Not that any of this matters, as the main point of contention is that most non-fiction is in fact not trash. Ad that most of what people read is in fact not trash.

Untrue, most non fiction is trash, and the majority of what people read is trash. You're not really seeing academic stuff flying off the shelf at Barnes and Nobel. It's either a book by dog the bounty hunter, self help gurus, pop culture celebrities making tell all sorts auto biographies. Most of it is in fact crap. If you want to affirm it's mostly high quality material, start a debate with you as the proposition and challenge me on this very topic.


What's wrong with working in retail?
It's really more your salary than anything. I guess if you owned the business you'd be fine, but making your wage at your age tells me you don't have much room to move.

Retail isn't really dead end. There is a lot of upward mobility, but that's kind of beside the point. People value stuff differently, and some people place an extremely low value on money, or status.

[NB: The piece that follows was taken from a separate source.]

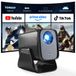 Smart-projector projecteur de cinéma maison portable prise en charge 4K Full HD 1920x1080 1500 lumens ANSI Wi-Fi correction trapézoïdale automatique prise UE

none of what I stated is ad hominem either.
"are you retarded?" is the definition of ad hominem.

It's a question.

I've very carefully chosen to say "if that's what you believe" or other qualifiers, none is a statement of fact.
Very carefully choosing how you display an ad hominem doesn't make it not ad hominem. Taking someone's argument, then saying if they believe X is retarded, is ad hominem, unless you re actually are a psychiatrist that has done research into the matter.

SMaking Red herrings is also a logical fallacy, or misrepresenting another's argument. Both things you can't help but engage in

Which you aren't, or ever will be. See? We can both ad hominem.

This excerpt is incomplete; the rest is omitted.